HOLY COW!! Yes, please. Isn’t that what we all want? Inner completeness. Inner fullness. Inner tranquility. Inner wholeness. I don’t know about you, but I want that treasure. And I want it NOW! And so does my friend. The trouble is, given life’s circumstances and limitations, how do we go about getting that treasure and holding onto it? Where do we find it?
I started thinking back onto when I was a kid. (I’ve started doing this a lot in my life. Revisiting my childlike mind and my way of thinking and man, have I have been learning so much. There really is such wisdom in looking back and getting into that free, trusting, kind, sweet and innocent way of thinking again.) What were the things I loved? The things that brought me the most joy and happiness? The most peace and contentment? For me, those things were simple:
Nature. Climbing trees, laying in a field, playing in a treehouse (yes, I still want to live in the Swiss-family Robinson treehouse), swimming in a river, catching lightning bugs, riding my bike, stopping to smell flowers, playing in the sprinklers, playing kick the can, drinking the sweet nectar from honeysuckles and running around bare-foot. This is my childhood at its core and I have felt a deep connection to nature all my life.
Creativity. I always wanted to create something magical. Another world. Another place. Another time. Another person. Whether I was building forts, playing army in the woods, writing plays and putting them on with my siblings for our parents and their friends, or playing dress-up and talking in accents while pretending my sister’s 4-poster bed was a carriage taking us to a grand party…it was endless and limitless.
Reading. I have loved reading for as long as I can remember. The ability to learn so much, to escape to some far away place in my mind where I meet wonderful, interesting characters, and where I can express and feel everything going on in the story. This has always made me feel like a part of something special and unique. Reading still makes my heart soar and will always be one of my favorite activities.
Horses. There’s something about their spirits. I have always felt connected to horses and never unsafe around them. I felt like riding them was always very natural for me, and like they understood me and I understood them in some way. There is such power and safety in horses. And FREEDOM. The ability to run as fast and as wild as you want with no one to stop you. Yep. Horses are my JAM.

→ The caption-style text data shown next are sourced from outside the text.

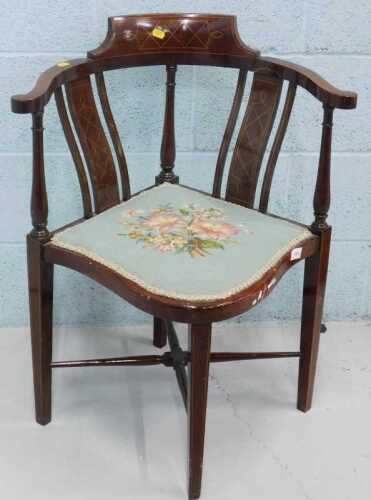 An Edwardian mahogany and boxwood strung corner chair, with overstuffed seat in floral material,...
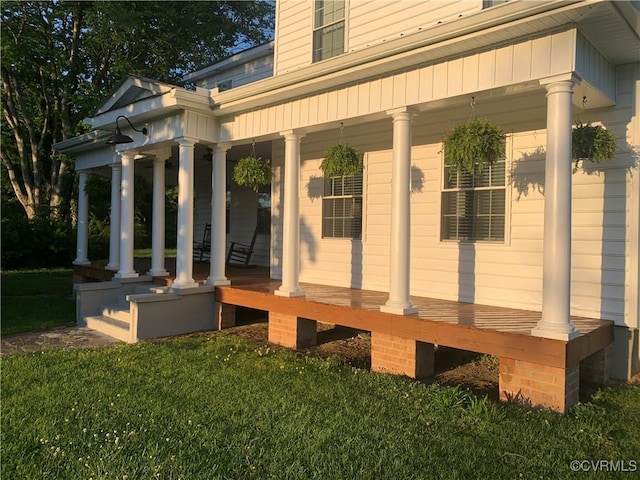 12309 Main St, Stony Creek, VA 23882 - covered porch with a lawn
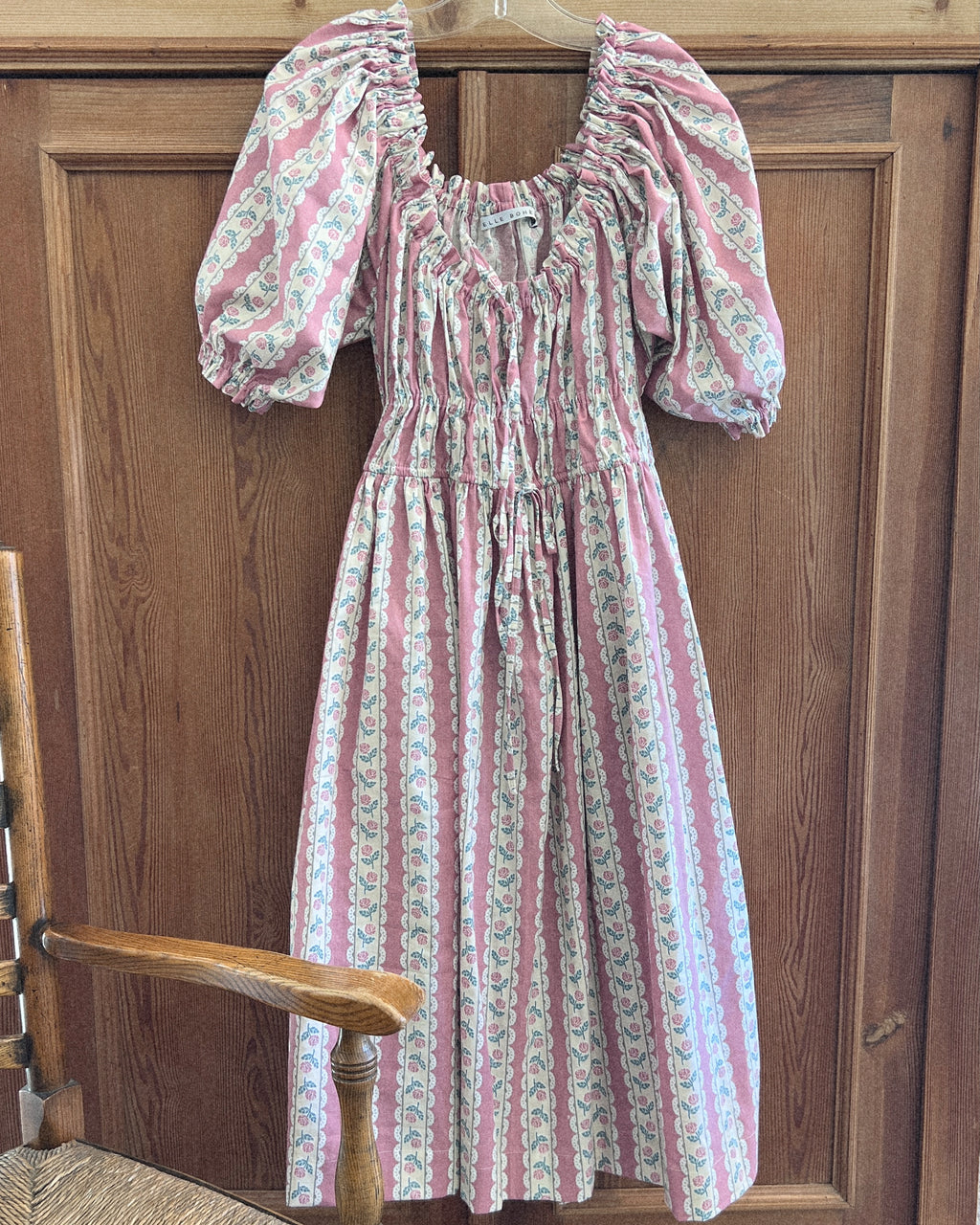 Pink floral dress with puffed sleeves hanging on a wooden door.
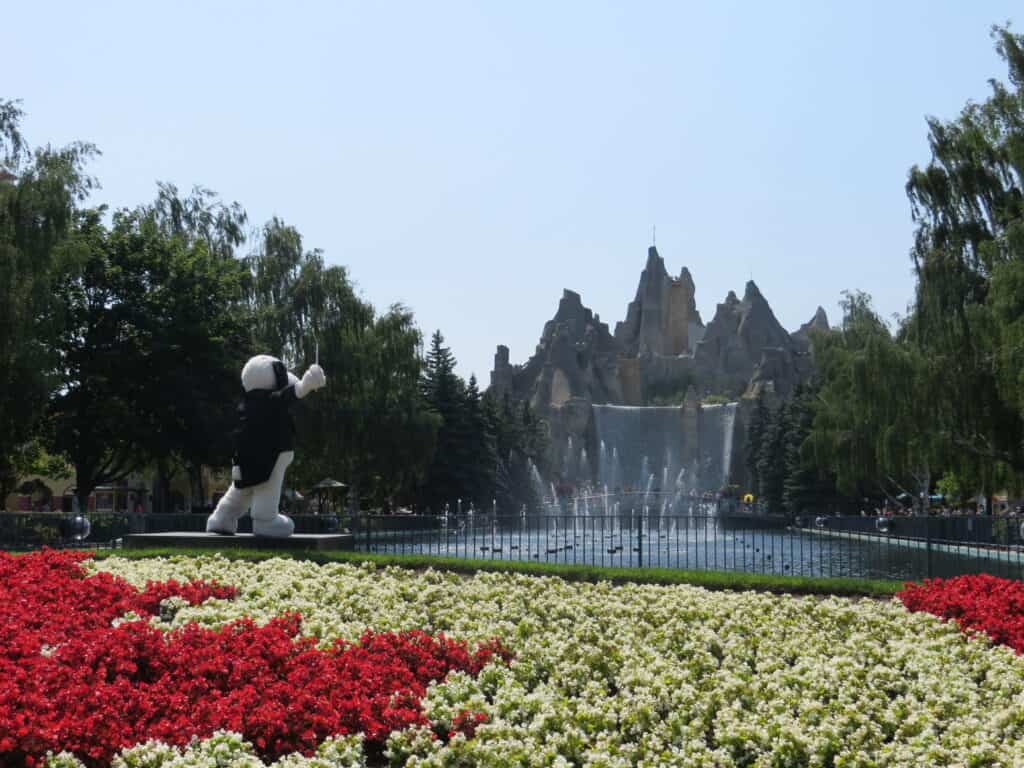 Snoopy wearing black jacket conducting music for water show in front of the mountain at Canada's Wonderland.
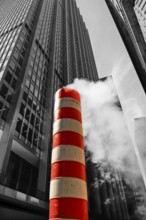 Steaming chimney at a construction site behind a skyscraper, New York City, USA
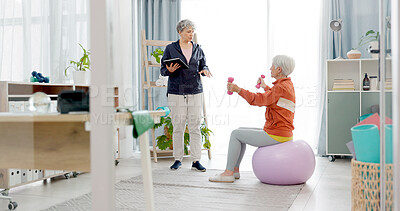 Buy stock photo Senior woman, exercise ball and personal trainer in home, tablet or app for training advice, workout or health. Elderly lady, dumbbells or fitness coach for chat, motivation or support in retirement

Baking. When the holidays rolled around, I was always the one wanting to try new recipes. “How about a new bread recipe? Or what about a strawberry Nutella pie this time, instead of just the plain old apple? Guys, I found this rosemary blood orange bundt cake!” It was always something new. But the idea of being in the kitchen and creating something delicious for everyone to sit around a table together and enjoy has always brought a smile to my face.
Fire. I was a little obsessed with fire when I was a kid. I thought it was fascinating and could stare at it for hours. Not without me throwing something into it just to see how it’d burn, before my mom would yell at me to stop it! I’d steal matches and light them just to watch them burn. I love love love fireplaces so much and literally want one in every room of my house one day. Bonfires were the best. Still are. And fireworks were the most magical show-stopping thing there was. Paper lanters…I can’t. Pure magic.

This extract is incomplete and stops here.